A “Fratelli Tutti” na Imprensa

Por João Alves Dias

É com vénia que me faço eco de três jornais de referência com textos assinados por teólogos que há muito admiro.

. “A proposta do Papa parte da situação do nosso tempo, onde a globalização nos tornou vizinhos, mas não irmãos uns dos outros. Pelo contrário, estamos mais distantes e sós, mais desagregados e vulneráveis, limitados ao estatuto de espectadores e consumidores. De forma manifesta, as nossas sociedades mostram dificuldades em constituir-se como um projeto que diga respeito a todos. Obviamente não nos sentimos companhia do mesmo barco e locatários da mesma casa comum. (…)

Os heróis do futuro serão aqueles que souberem esquecer a lógica dos seus interesses e se decidam a romper o cerco atual da indiferença, sustentando amigável e universalmente uma palavra densa de verdade humana. A “amizade social” é uma categoria para enquadrar no âmbito da fraternidade, da prática comprometida da solidariedade e de uma ativa compaixão. E aí todos podemos fazer mais.

(Tolentino Mendonça, in Semanário Expresso, 10.10.2020)

 

. “A encíclica é um convite à esperança activa, com o samaritanismo. O exemplo é o bom samaritano. Ele era um estrangeiro, mal visto pela ortodoxia, e também tinha os seus afazeres. Mas, à beira da estrada, jazia um desgraçado semimorto, e ele parou, ajudou-o no que pôde, levou-o para a estalagem, pagou e disse que pagaria todas as despesas… Foi ele e não os dois religiosos (o sacerdote e o levita) o próximo daquele abandonado. “Vai e faz o mesmo.”

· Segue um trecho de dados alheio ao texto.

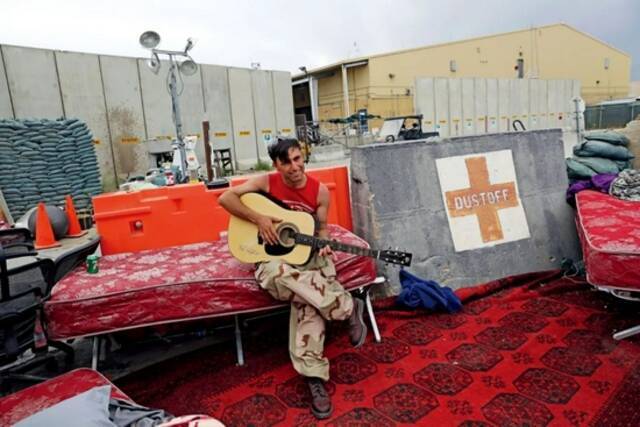 7月5日，阿富汗帕尔万省，美国和北约军队已从巴格拉姆空军基地全部撤离。一名阿富汗士兵弹奏着美军留下的吉他。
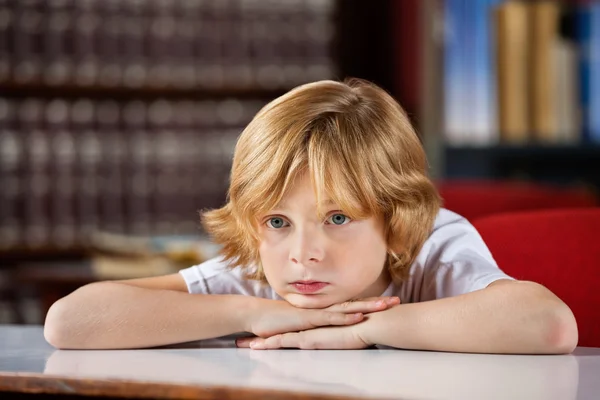 Скучный мальчик смотрит в сторону, когда отдыхает подбородок на руках за столом — стоковое фото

Para os cristãos, todos os seres humanos são irmãos e irmãs, porque há um Pai comum, Deus. Mas a fraternidade podemos ir bebê-la também, paradoxalmente, à mortalidade, como viu Herbert Marcuse, que não era crente. Já em vésperas de morrer, voltou-se para o amigo Jürgen Habermas: “Agora sei, Jürgen, em que é que se fundamentam os nossos juízos de valor mais elementares: na compaixão, no nosso sentimento pela dor dos outros. Somos mortais: logo, somos irmãos.”

(Anselmo Borges, in DN,10.10.2020)

 

. “A sensação, ao meditar este documento, foi a de uma narrativa em que tudo me parecia novo. Não era a primeira vez que me surpreendia a sua capacidade de construir uma teologia de correlações surpreendentes entre os textos bíblicos e as realidades actuais, que mutuamente se iluminam.

 Este longo texto é o exercício continuado dessa luminosa correlação. Deve tornar-se o modelo inspirador para os padres que, por preguiça, repetem os textos bíblicos, que publicamente acabaram de ser proclamados, sem que dessa pregação brote a voz nova do espírito de Cristo para iluminar a vida concreta dos cristãos e não cristãos. Sem esse acontecimento, as homilias são uma seca.

Por essa razão, a desgraça que pode acontecer a esta encíclica é que se torne moda repetir: «como diz o Papa Francisco…» Ora, o que interessa é que este texto provoque novos textos, novas intervenções, novas análises, novos estudos, novas investigações e, sobretudo, novas práticas sociais, culturais, económicas e políticas.